Work item — Below is a listing from which only part is wanted; return exactly the lines from the one with "Volkswagen Polo 1.0" up to and including the one with "Chibi Show 2026".

Information —

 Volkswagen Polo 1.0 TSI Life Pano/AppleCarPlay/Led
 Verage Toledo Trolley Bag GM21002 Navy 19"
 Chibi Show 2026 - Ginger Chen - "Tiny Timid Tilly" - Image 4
...
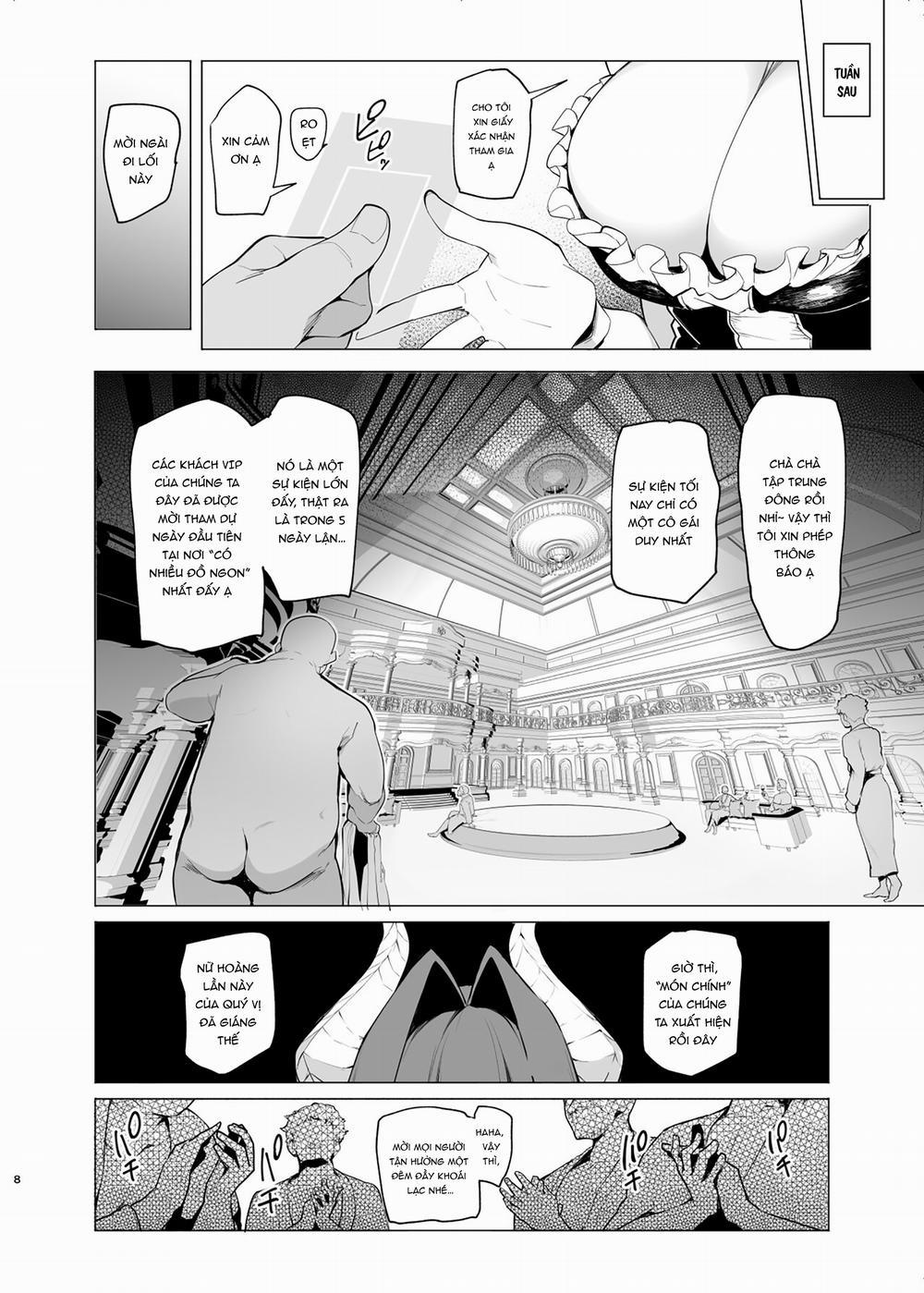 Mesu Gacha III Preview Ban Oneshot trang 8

Exercise response —
 Volkswagen Polo 1.0 TSI Life Pano/AppleCarPlay/Led
 Verage Toledo Trolley Bag GM21002 Navy 19"
 Chibi Show 2026 - Ginger Chen - "Tiny Timid Tilly" - Image 4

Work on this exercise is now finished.